__ABOUT THIS EXERCISE__: Copy out the data below from the line containing "Set Of 6 Garden" to the line containing "Teal leather crossbody", both lines included, with all images left out.

__DATA LISTING__:
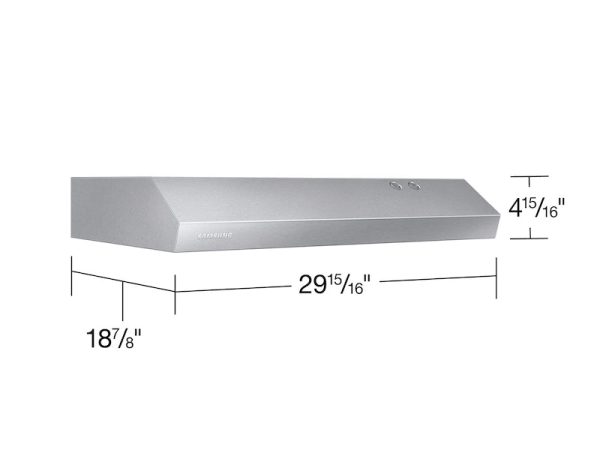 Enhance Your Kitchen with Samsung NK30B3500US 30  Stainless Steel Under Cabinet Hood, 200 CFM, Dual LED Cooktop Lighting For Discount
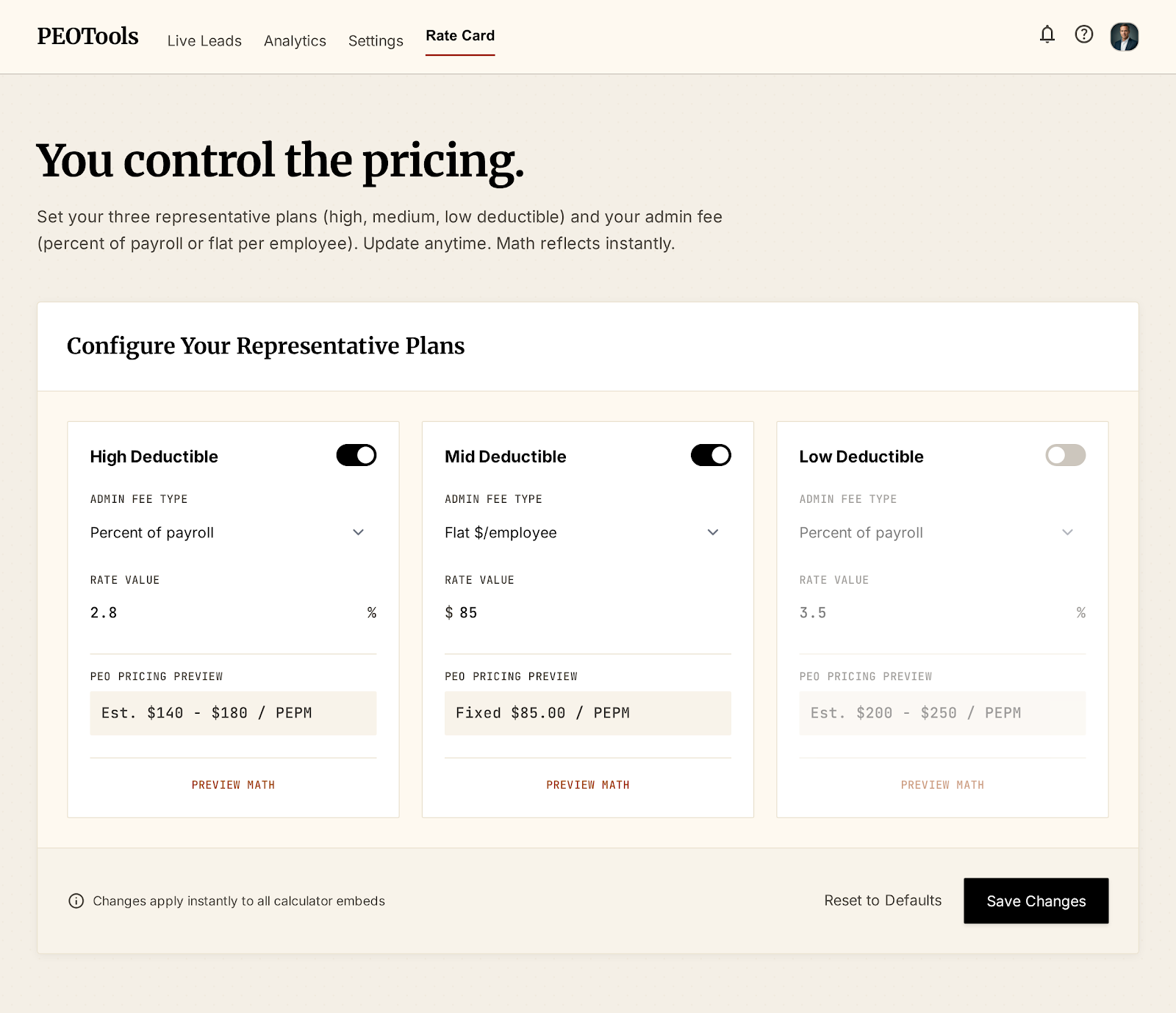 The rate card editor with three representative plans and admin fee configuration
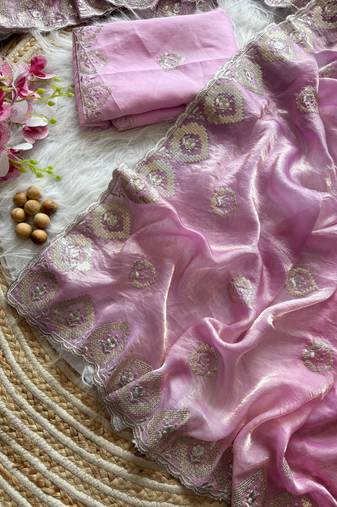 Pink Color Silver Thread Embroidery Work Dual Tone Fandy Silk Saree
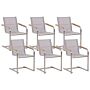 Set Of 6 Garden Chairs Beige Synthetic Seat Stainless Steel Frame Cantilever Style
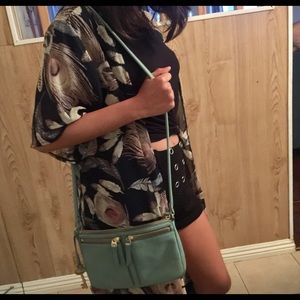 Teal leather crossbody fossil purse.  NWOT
--
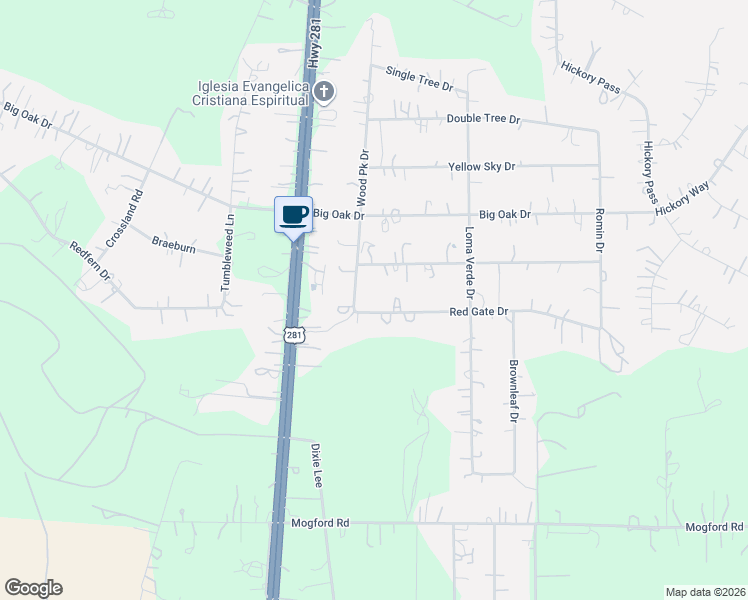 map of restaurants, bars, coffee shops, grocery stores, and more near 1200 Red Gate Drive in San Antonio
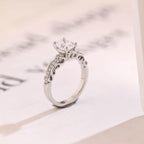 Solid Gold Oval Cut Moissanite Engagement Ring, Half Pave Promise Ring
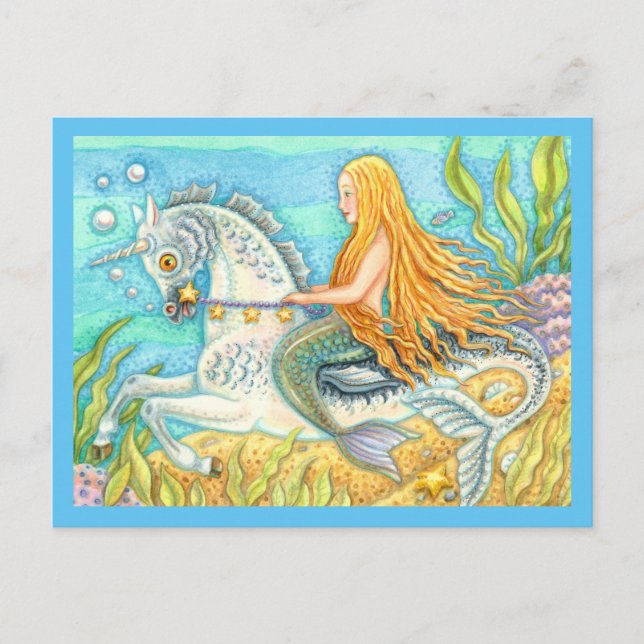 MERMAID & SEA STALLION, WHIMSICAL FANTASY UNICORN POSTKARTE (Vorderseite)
* * *
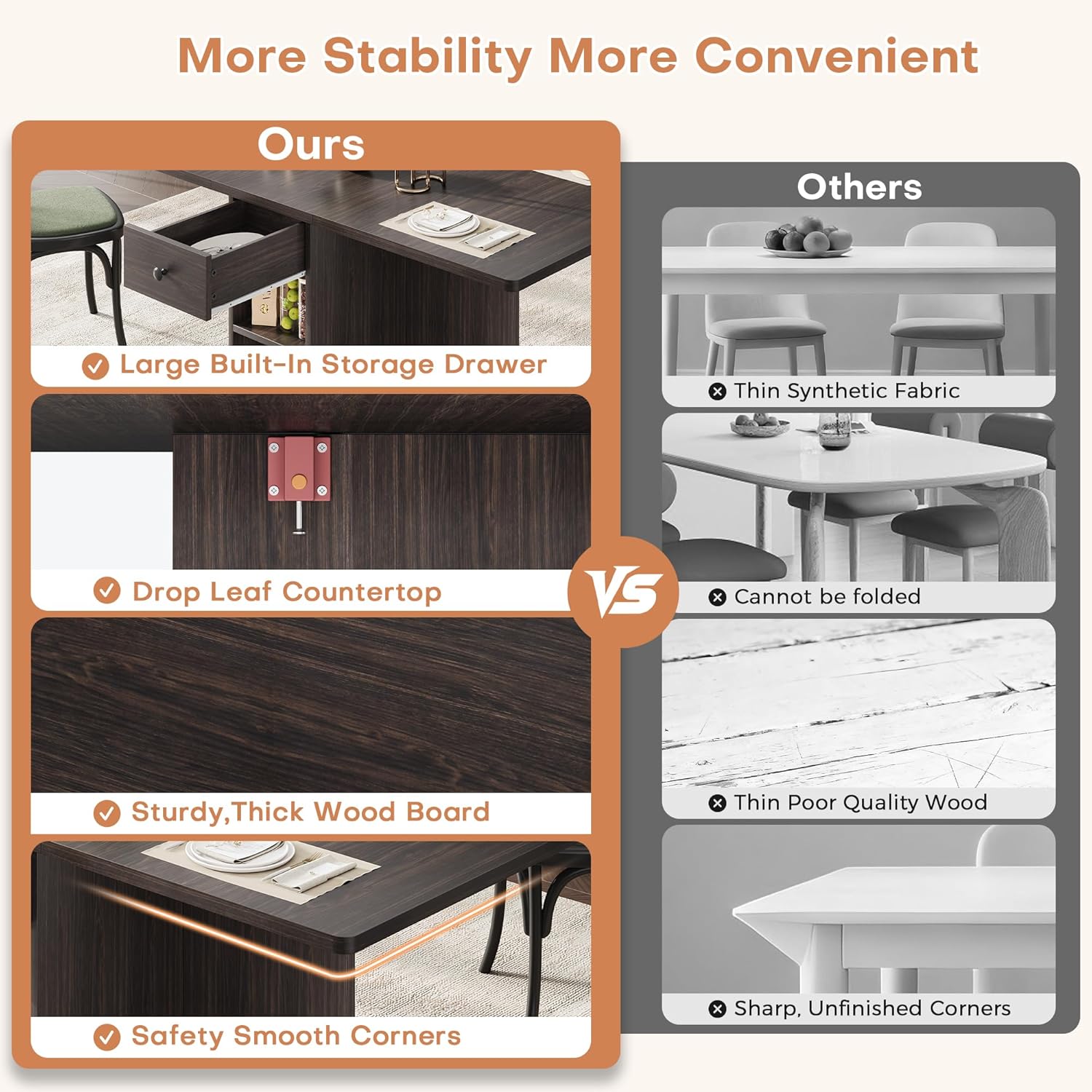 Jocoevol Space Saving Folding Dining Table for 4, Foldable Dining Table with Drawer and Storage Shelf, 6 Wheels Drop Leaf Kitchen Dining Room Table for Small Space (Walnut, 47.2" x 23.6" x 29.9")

__SOLUTION TO THE PROBLEM__:
 Set Of 6 Garden Chairs Beige Synthetic Seat Stainless Steel Frame Cantilever Style
 Teal leather crossbody fossil purse.  NWOT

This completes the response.